Thanks for the clip ! Ran it - Oh, to hear that glorious "Pratt & Whitney" Sound again ! All the P&W engines in the Wasp family had this sonorous tone ("Sonor Harvardorum et U/Torum", as one contributor to "TeeEmm" (?) put it long ago, for the benefit of classicists.

They all had this sonorous undertone, but the AT6A/Harvard had the aboriginal 600 hp "Wasp" - well, you can hear it on the clip. It was reckoned that the two-blade prop tips were supersonic. In contrast, the Wright "Cyclones", their arch-rivals, sounded like nut and bolts being shaken up in a barrel (I flew a few hundred hours behind a Twin Cyclone 1600 hp, and it hammered my ears out.

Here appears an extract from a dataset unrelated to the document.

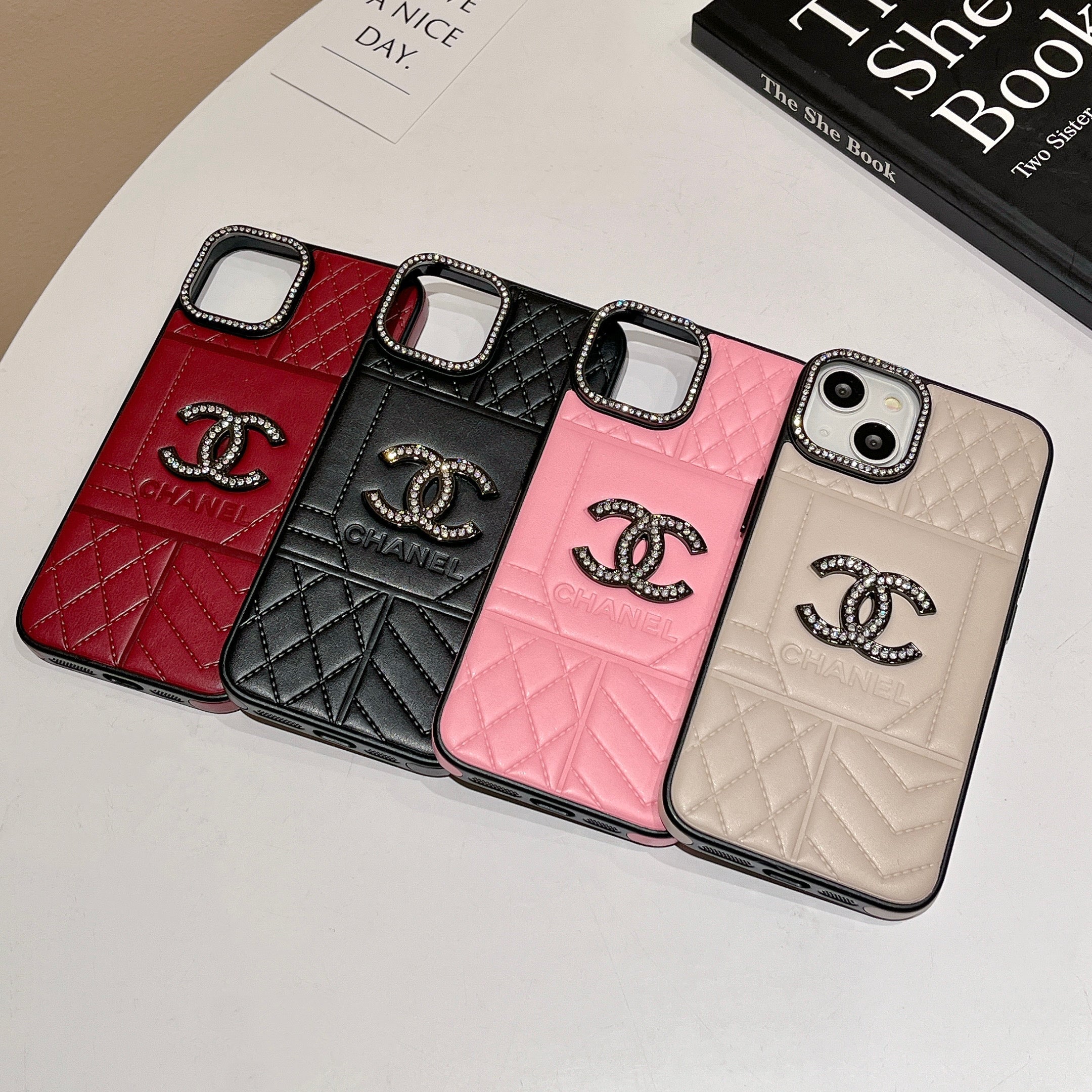 CC Rhombus Leather iPhone Case - Bestocase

Good engine, though.

The BFTS boys had it good. All the six BFTS were near towns (often on the town airfield) and they stayed the whole six months in one place, so were able to establish friendly relations with the local Southern Belles (all with their own convertibles, and keen to suss-out what had breezed into town), whereas we "Arnold" chaps went to three different places often hundreds of miles apart at two-month intervals, and all were Army fields with Army discipline, out in the sticks, with nowhere to go and no transport to get us there. It Wasn't Fair !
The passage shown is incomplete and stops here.